Stopping PCR reaction:
Twelve μl of stop buffer was added to each 25 μl of PCR reaction. Heating of reaction to 70°C for 5 minutes.
Acrylamide gel (sequencing gel):
Urea - 6M final concentration Acrylamid: Bis Acrylamid (25:1) - 10% final concentration
5 x TBE - final concentration 1xTBE
10% APS, TEMED added to catalyze acrylamide polymerization.
Loading sample: 1 volume sample + 4 volumes loading buffer (90% formamide in TBE).
Heat to 70°C for 5 minutes.
Gel exposure:
The gel was marked with radioactive marker ink for later alignment.
The gel was exposed to film at -70°C for about 3 days. The desired band was cut from the gel and placed in an Eppendorf tube.
DNA elution from the gel and its precipitation:
The DNA band was eluted by adding 100 μl of double distilled water and boiling for 5 minutes.
Precipitation of the eluted DNA is performed by adding 20μg glycogen followed by the addition of ethanol and sodium acetate pH 5 to final concentrations of
75% and 0.1M respectively.
Over night precipitation at -20°C, ethanol washes and resuspension of precipitated DNA with 10μl of ddH2O.
Reamplification of DNA fragments by PCR: Downstream antisense primer - 62.5pmoles
Appropriate sense upstream primer - 62.5pmoles dNTPs - 100uM, final concentration.
10 x PCR buffer - diluted 10 times. ddH2O - added to a final volume of 25μl. DNA - 3.5ul/ 25μl reaction mixture.

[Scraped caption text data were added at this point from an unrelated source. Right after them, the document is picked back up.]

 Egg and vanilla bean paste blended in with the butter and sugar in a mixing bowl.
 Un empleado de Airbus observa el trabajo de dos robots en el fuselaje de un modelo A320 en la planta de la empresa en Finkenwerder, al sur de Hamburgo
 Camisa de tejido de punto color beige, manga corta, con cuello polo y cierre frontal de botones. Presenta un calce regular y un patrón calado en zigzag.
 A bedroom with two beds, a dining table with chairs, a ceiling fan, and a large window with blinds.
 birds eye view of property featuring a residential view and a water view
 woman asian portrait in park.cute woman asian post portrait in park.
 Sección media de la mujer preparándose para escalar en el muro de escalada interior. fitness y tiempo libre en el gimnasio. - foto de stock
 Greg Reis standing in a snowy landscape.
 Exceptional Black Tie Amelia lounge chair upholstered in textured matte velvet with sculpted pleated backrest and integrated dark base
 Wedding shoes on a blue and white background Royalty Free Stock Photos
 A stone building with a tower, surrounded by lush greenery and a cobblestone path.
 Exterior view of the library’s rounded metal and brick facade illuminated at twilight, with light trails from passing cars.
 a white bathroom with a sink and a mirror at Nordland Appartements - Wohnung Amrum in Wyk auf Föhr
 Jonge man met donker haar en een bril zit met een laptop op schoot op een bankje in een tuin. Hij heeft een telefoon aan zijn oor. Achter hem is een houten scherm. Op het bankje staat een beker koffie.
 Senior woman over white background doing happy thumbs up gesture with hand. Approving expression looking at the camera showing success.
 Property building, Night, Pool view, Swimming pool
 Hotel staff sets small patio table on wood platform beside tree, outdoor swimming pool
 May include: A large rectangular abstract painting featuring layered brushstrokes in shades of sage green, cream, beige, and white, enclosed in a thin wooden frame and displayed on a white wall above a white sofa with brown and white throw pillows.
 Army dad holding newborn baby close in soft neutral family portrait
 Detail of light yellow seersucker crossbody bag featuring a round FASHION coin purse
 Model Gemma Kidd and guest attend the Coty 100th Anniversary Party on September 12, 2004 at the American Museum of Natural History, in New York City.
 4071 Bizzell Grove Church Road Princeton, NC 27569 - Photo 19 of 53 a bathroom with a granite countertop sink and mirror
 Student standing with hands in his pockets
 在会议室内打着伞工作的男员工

Taq DNA polymerase Gold - 2U/ 25 μl reaction mixture.
Total volume - 25ul.
Separation and purification of the PCR products by acrylamide gel electrophoresis: The re-amplified PCR products were run in a 10% acrylamide gel prepared with
TAE (Tris-acetate-EDTA) buffer. The DNA products were visualized by soaking the gel in TAE buffer containing 0.2μg/ml ethidium bromide. A small well was then cut in the acrylamide gel in front of the required DNA band and the DNA electroeluted into the well. The eluted DNA was then ethanol precipitated as described above.
EXPERIMENTAL PROCEDURE
RNA from each cell type was transcribed separately, by reverse transcriptase, into cDNA using, as a universal primer Oligo-dT composed of 15 residues of thymidylic acid. Aliquots of the cDNA were then distributed to sixteen separate tubes. Each tube contained, in addition to the four oligonucleics (wherein one was radioactively labeled), an identical downstream antisense primer and one of sixteen possible upstream sense primers (see specifications for a detailed explanation).
The downstream antisense primer sequence (SEQ. ID No:1) contained four tandem antisense codons devised to be complementary to four tandem leucine codons of the sequence CTG/C where the third oligonucleic of the codon is either G or C. In addition, this downstream antisense codon contained a 3' terminal EcoR1 site (GAATTC) in order to facilitate subsequent cloning of the selected PCR product into a convenient vector.
The upstream sense primers (sixteen in total) were terminated at their 3' terminus with the sequence ATG, whereas the two nucleic acids immediately upstream to the terminal ATG consisted of all 16 possible permutations (primers SEQ. ID Nos. 2-17). To allow for a reasonable length capable of forming a relatively stable hybrid, the upstream oligonucleic was synthesized as a decamer in which the first 5 positions (starting at the 5' terminus) consisted of a mixture of all four nucleic acid s at each position.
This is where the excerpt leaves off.